A Titan trigger finding Boseiju and a bounceland gives you coverage against a vast range of situations without the steep mana and timing restrictions on transmuting Tolaria West. In particular, with Amulet of Vigor on the battlefield, you can give Titan haste via Slayers’ Stronghold or Hanweir Battlements first and still fetch plus pick up Boseiju with just enough mana left over on the second trigger.
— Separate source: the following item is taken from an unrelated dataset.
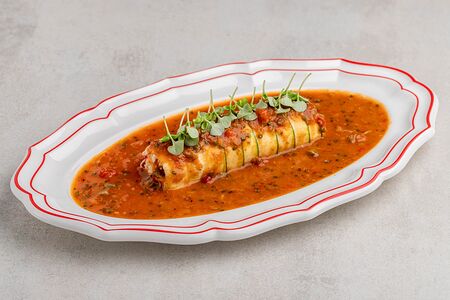 Камчатский краб в цукини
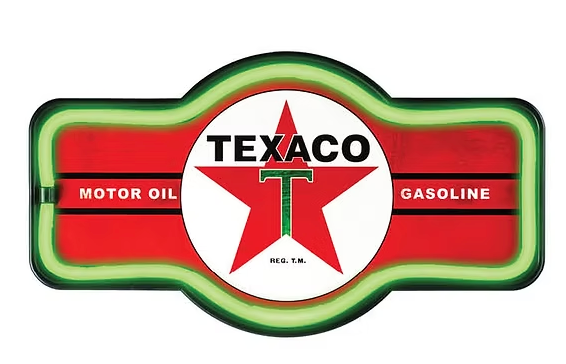 Texaco Rope LED Sign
This, in turn, gives you solutions to a lot of problems without having to hedge awkwardly in other ways. One reason that Izzet Midrange is such a tough matchup is that you have to respect the threat of Blood Moon but the usual counterplay like Force of Vigor is embarrassing against their many other effective angles of attack. With Boseiju, you have a clean, low-cost answer that also dodges things like Counterspell.
Despite that it’s not clear the printing of Boseiju is much of a net benefit for Amulet Titan, which now has to worry about any of its best setup cards – Amulet of Vigor, Urza’s Saga, or Dryad of the Ilysian Grove – being destroyed out of nowhere from any green deck! I overrated the impact that Assassin’s Trophy would have on Amulet Titan and effects like Cleansing Wildfire didn’t move the needle much, but Boseiju is a much stronger version of these cards.
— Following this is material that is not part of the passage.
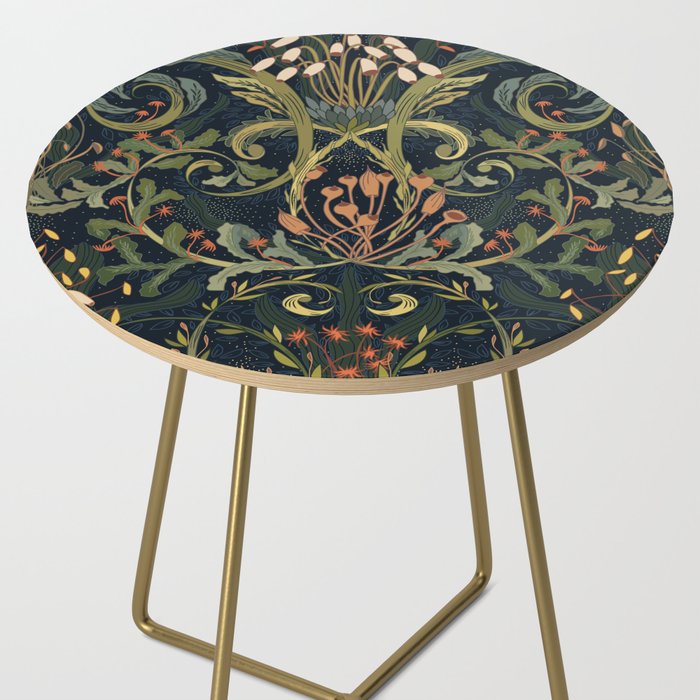 Woodland moss dark Side Table Gallery Image 2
I’ve referred to the ‘first’ Boseiju a lot here – what if the first Boseiju was also the second (and the third, and…)?
Wrenn and Six has somehow flown under the radar as one of the most obnoxious designs in Modern: a cheap card that severely limits which creatures you can justify playing, gives fetchlands yet more help that they really don’t need, and usually ends up in you taking the same game action every turn (often with a round of shuffling involved). Boseiju lets Wrenn unleash a fresh hell on the format: a recursive removal spell that forces the opponent to search and shuffle every turn if they want to have any resources left.
The first Boseiju is a shoe-in for any Wrenn deck. Additional copies may be harder to fit, especially for a deck like Four-Color Control (Yorion) that has specific colored mana requirements that Boseiju doesn’t help with, but a less colorful deck can lean on this harder. A normal Gruul Midrange will enjoy this interaction, but it lets you pursue a highly abnormal Gruul deck too:
Boseiju may finally drag Life from the Loam into Modern in a big way, but I’m very excited for that setup in Legacy. The Lands decks now have a flexible, reusable answer to whatever ails them. You can lock the opponent out of doing anything useful over time or swat away a Wasteland or Karakas to enable a fast Dark Depths + Thespian’s Stage kill.
The list of cards legal in Vintage but not Legacy are largely absurdly powerful artifacts, enchantments, and nonbasic lands. Boseiju is an excellent catch-all against most of the egregious nonsense in the format – if you live that long!
I’ll let Sheldon handle the card’s role in Commander. This is ‘just’ a strong removal spell in Limited. Suffice to say, if you’re playing a Constructed format where you can register Boseiju, that format is about to change in a big way.